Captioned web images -
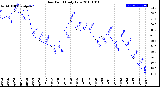 Milwaukee Weather Dew Point<br>Daily Low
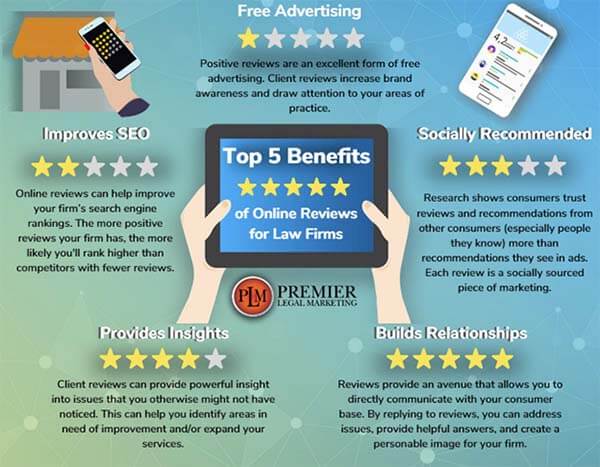 law-firms-online-reviews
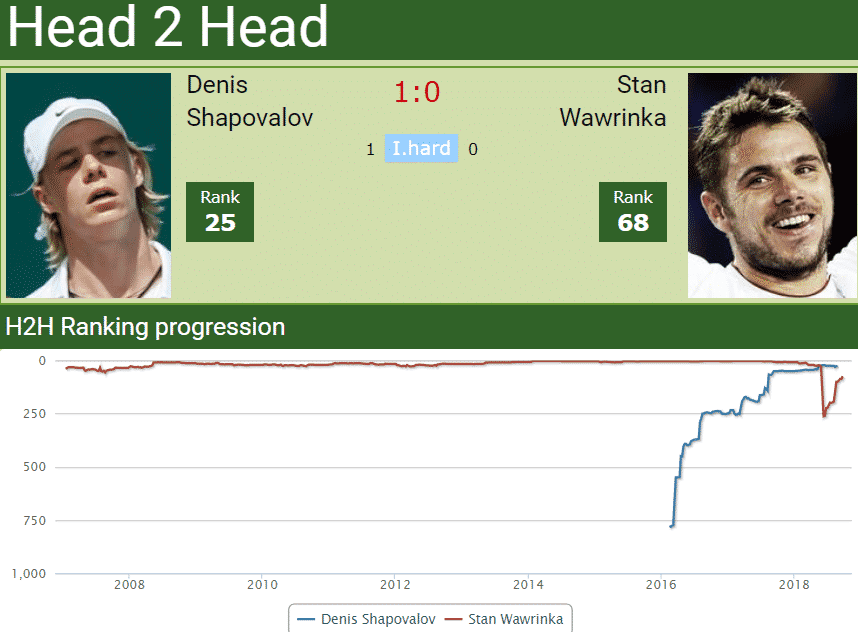 H2H Denis Shapovalov vs. Stan Wawrinka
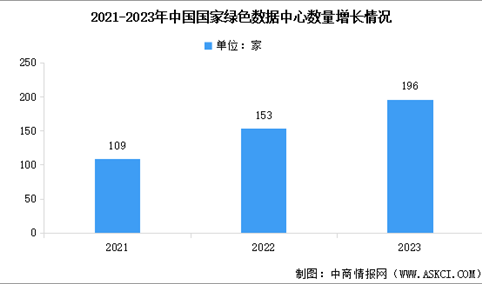 2024年中国数据中心市场规模预测及绿色数据中心数量分析（图）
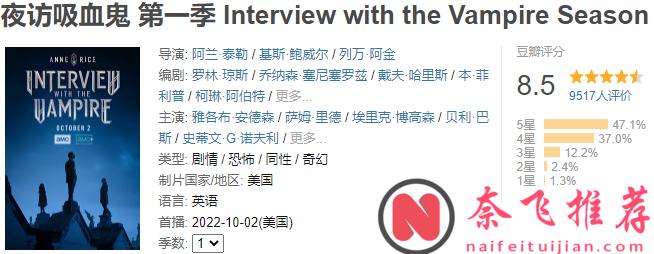 IMDB 一集飙到9.3分，又一部生猛新剧《夜访吸血鬼》第二季上线了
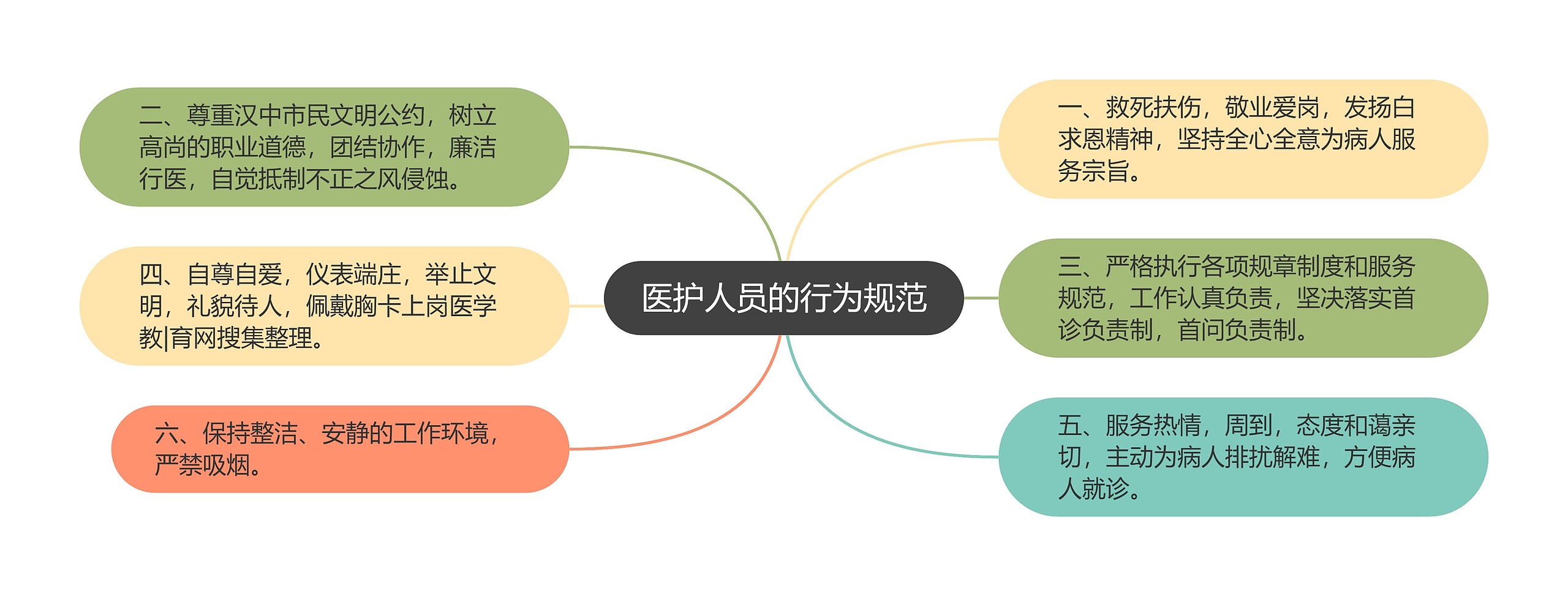 医护人员的行为规范 医护人员的行为规范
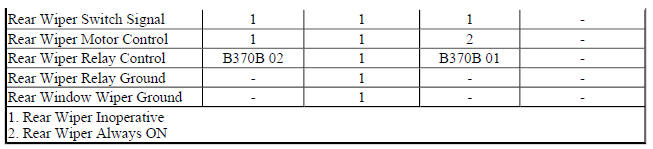Diagnostic Fault Information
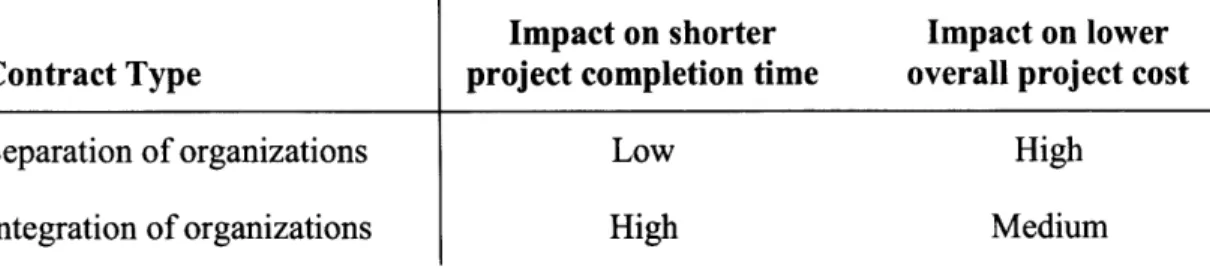 Table  3  Appropriateness  of different  contract types  for  different projects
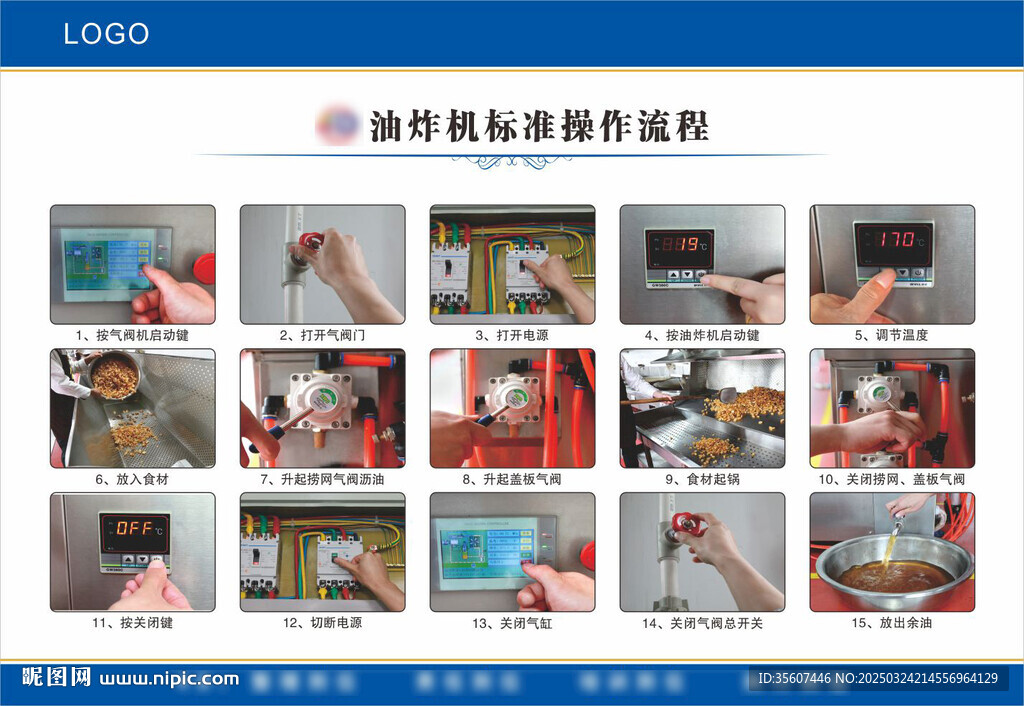 油炸机操作标准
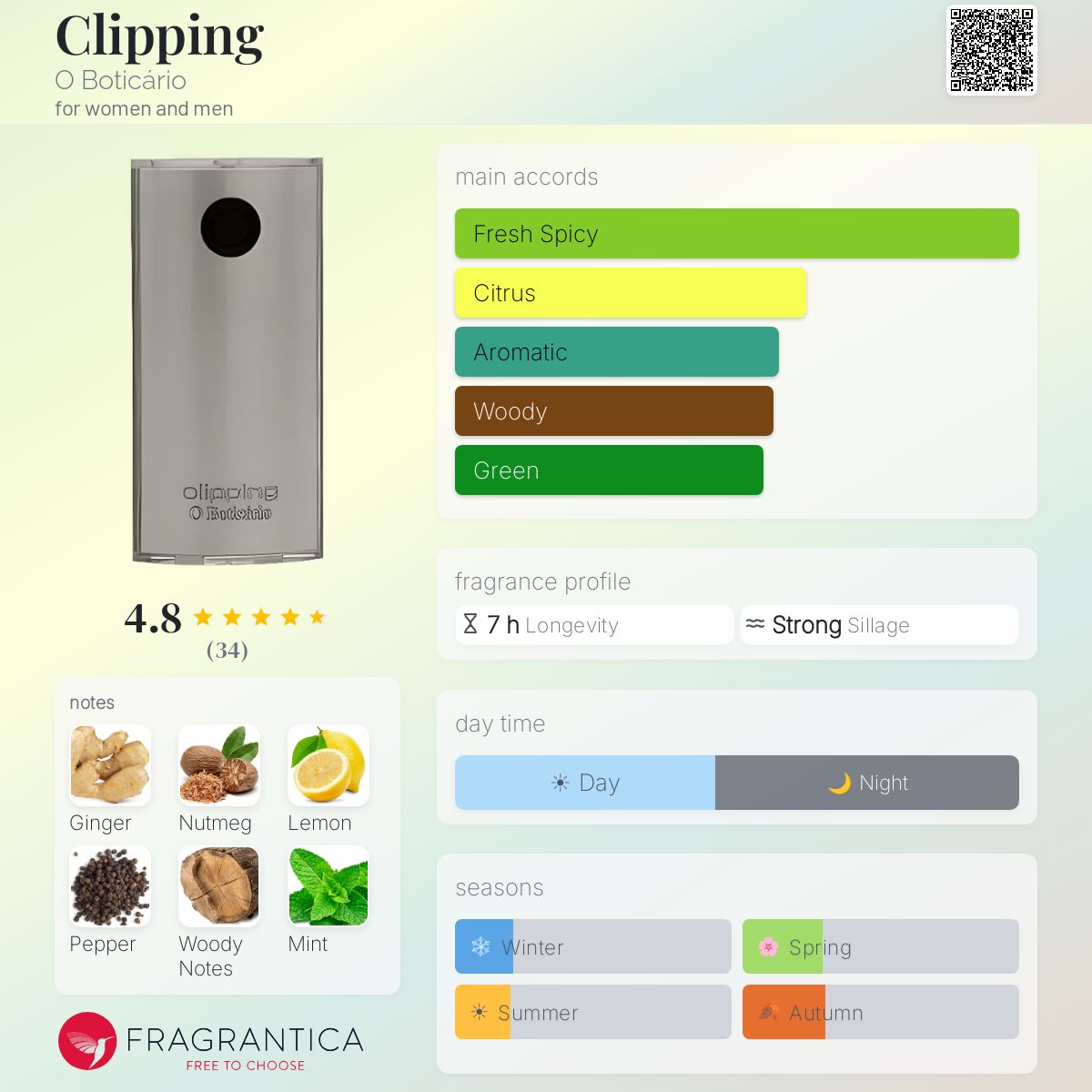 Profile card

TO DO - Only the lines from the one with "医护人员的行为规范 医护人员的行为规范" through the last line of the records above are wanted, copied exactly and with pictures omitted.

OUTPUT BELOW -
 医护人员的行为规范 医护人员的行为规范
Diagnostic Fault Information
 Table  3  Appropriateness  of different  contract types  for  different projects
 油炸机操作标准
 Profile card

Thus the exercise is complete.